House of Cards, like Breaking Bad or Mad Men, tells the story of an anti-hero, which is someone who “lives in a universe with a much more cynical [and] ambiguous moral code.” Pretty much the complete opposite of Captain America or Superman.
More specifically, Frank Underwood is an unscrupulous anti-hero. He justifies his dubious actions by pointing to the more sinister behaviour of people surrounding him. He’s bad with a purpose.
Here’s what happened in the first half of the pilot:
- Frank Underwood finds a dog that has recently been hit by a car and, in a chilling moment, he kills the dog to put it out of its “useless pain.”
- Frank doesn’t get the coveted Secretary of State role he was promised, but that’s no problem because him and his wife Claire plot their revenge by breaking expensive-looking glass, staying up all night and speaking in dulcet tones.
- Frank agrees to help the incoming Secretary of Education draft a comprehensive education reform bill within the first 100 days.
Here are my predictions:
- Frank kills the guy that was going to be Secretary of State – FALSE. Seeing Frank enter the theatre and play a first-person shooter game gave me some serious Abe Lincoln vibes. I guess he’s not that bad.

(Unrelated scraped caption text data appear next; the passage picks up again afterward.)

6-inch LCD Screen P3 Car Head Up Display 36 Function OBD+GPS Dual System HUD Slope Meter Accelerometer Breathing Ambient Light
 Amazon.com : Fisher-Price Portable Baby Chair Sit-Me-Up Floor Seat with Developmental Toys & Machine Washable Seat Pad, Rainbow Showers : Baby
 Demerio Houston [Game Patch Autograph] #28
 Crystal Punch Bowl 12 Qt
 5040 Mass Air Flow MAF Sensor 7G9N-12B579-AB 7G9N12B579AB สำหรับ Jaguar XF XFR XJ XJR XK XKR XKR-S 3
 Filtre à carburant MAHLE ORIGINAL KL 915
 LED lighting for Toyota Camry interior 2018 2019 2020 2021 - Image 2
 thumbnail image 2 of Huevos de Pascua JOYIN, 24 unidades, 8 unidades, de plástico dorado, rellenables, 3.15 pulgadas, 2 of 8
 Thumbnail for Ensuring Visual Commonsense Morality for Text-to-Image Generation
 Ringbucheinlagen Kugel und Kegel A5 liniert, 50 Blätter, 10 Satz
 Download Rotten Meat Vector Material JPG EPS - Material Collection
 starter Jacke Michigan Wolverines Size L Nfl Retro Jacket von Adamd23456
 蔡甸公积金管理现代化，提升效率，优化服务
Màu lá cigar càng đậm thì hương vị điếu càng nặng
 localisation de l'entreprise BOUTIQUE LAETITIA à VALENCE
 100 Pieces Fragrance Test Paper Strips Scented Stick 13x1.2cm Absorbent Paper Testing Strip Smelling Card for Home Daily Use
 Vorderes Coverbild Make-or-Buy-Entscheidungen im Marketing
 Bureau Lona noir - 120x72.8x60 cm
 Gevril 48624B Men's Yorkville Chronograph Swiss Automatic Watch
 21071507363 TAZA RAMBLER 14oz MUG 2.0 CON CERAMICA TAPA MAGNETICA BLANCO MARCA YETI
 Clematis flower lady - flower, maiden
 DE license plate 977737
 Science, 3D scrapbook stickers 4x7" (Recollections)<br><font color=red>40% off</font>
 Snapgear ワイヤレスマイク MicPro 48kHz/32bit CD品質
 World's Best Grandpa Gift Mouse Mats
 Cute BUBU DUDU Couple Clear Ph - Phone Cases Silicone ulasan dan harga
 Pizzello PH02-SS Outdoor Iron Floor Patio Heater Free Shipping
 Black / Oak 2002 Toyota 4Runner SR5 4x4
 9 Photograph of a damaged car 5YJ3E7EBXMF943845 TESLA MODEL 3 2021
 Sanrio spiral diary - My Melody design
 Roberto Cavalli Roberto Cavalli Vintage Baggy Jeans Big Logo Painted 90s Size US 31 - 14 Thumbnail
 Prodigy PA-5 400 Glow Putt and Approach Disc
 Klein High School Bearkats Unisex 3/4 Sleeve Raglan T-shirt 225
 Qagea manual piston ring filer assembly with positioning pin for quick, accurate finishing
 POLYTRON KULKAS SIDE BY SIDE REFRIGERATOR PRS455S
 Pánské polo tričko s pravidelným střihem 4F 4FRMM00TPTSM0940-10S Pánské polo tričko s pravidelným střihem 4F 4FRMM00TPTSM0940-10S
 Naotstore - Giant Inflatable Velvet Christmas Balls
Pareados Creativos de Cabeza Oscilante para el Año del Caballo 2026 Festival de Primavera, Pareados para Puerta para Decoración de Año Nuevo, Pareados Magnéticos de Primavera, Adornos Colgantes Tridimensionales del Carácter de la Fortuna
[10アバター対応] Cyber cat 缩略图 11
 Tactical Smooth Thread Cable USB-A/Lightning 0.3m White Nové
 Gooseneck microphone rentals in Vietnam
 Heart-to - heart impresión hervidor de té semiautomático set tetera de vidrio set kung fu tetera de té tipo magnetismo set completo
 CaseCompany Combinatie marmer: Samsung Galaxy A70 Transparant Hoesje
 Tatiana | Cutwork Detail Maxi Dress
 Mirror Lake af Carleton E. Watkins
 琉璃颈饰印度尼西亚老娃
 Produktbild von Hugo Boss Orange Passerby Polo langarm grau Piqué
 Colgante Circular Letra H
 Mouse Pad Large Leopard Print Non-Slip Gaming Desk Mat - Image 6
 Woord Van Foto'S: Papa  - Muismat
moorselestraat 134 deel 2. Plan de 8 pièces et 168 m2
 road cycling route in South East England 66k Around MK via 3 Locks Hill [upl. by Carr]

- Claire starts a corrupt business dealing that hurts people in need– NOT YET. However, she does approve a measure that would mean firing half of the staff at her charity. Seems kind of shady.
- Nicholas Cage pops in and steals the declaration of independence – FALSE. But a guy can dream, right?
- Things I did predict accurately: Zoey gets leverage over Frank; Frank blackmails a fellow congress person (Peter).
House of Cards is definitely the most interesting show I’ve watched so far for this blog. Can’t wait to see how the rest of the show turns out!
TV Tuttle rates House of Cards 4.5/5 vengeful racks of ribs.